● **Task requirements**
Each of the entries should be output exactly, with nothing left out.

● **Records supplied**
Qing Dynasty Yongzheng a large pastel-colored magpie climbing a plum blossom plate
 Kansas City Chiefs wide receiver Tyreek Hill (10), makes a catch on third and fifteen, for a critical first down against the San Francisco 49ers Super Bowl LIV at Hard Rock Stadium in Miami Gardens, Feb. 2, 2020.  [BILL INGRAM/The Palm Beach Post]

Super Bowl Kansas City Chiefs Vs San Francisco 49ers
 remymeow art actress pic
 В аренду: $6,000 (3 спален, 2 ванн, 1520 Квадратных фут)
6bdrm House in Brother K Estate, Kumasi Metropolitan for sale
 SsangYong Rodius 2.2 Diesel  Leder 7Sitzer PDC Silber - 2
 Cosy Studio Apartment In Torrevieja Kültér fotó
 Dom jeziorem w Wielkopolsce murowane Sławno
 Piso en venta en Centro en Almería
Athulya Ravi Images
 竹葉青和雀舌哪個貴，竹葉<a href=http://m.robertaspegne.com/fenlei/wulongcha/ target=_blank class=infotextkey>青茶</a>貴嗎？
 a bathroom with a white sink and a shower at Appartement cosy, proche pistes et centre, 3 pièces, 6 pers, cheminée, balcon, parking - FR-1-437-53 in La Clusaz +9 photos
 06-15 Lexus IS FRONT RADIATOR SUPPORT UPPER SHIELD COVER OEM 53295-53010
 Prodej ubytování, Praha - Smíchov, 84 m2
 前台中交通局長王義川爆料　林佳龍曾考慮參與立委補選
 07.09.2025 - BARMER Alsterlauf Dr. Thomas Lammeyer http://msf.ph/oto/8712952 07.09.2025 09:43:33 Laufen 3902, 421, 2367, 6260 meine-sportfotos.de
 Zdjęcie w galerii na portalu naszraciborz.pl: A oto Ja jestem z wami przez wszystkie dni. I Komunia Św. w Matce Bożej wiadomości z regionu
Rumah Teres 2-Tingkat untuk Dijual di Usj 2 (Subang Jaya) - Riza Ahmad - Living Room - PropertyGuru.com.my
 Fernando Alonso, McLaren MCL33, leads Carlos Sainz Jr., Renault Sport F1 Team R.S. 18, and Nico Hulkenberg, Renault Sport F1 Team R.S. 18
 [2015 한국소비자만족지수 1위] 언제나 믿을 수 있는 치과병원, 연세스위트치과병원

● **Exercise response**
Qing Dynasty Yongzheng a large pastel-colored magpie climbing a plum blossom plate
 Kansas City Chiefs wide receiver Tyreek Hill (10), makes a catch on third and fifteen, for a critical first down against the San Francisco 49ers Super Bowl LIV at Hard Rock Stadium in Miami Gardens, Feb. 2, 2020.  [BILL INGRAM/The Palm Beach Post]

Super Bowl Kansas City Chiefs Vs San Francisco 49ers
 remymeow art actress pic
 В аренду: $6,000 (3 спален, 2 ванн, 1520 Квадратных фут)
6bdrm House in Brother K Estate, Kumasi Metropolitan for sale
 SsangYong Rodius 2.2 Diesel  Leder 7Sitzer PDC Silber - 2
 Cosy Studio Apartment In Torrevieja Kültér fotó
 Dom jeziorem w Wielkopolsce murowane Sławno
 Piso en venta en Centro en Almería
Athulya Ravi Images
 竹葉青和雀舌哪個貴，竹葉<a href=http://m.robertaspegne.com/fenlei/wulongcha/ target=_blank class=infotextkey>青茶</a>貴嗎？
 a bathroom with a white sink and a shower at Appartement cosy, proche pistes et centre, 3 pièces, 6 pers, cheminée, balcon, parking - FR-1-437-53 in La Clusaz +9 photos
 06-15 Lexus IS FRONT RADIATOR SUPPORT UPPER SHIELD COVER OEM 53295-53010
 Prodej ubytování, Praha - Smíchov, 84 m2
 前台中交通局長王義川爆料　林佳龍曾考慮參與立委補選
 07.09.2025 - BARMER Alsterlauf Dr. Thomas Lammeyer http://msf.ph/oto/8712952 07.09.2025 09:43:33 Laufen 3902, 421, 2367, 6260 meine-sportfotos.de
 Zdjęcie w galerii na portalu naszraciborz.pl: A oto Ja jestem z wami przez wszystkie dni. I Komunia Św. w Matce Bożej wiadomości z regionu
Rumah Teres 2-Tingkat untuk Dijual di Usj 2 (Subang Jaya) - Riza Ahmad - Living Room - PropertyGuru.com.my
 Fernando Alonso, McLaren MCL33, leads Carlos Sainz Jr., Renault Sport F1 Team R.S. 18, and Nico Hulkenberg, Renault Sport F1 Team R.S. 18
 [2015 한국소비자만족지수 1위] 언제나 믿을 수 있는 치과병원, 연세스위트치과병원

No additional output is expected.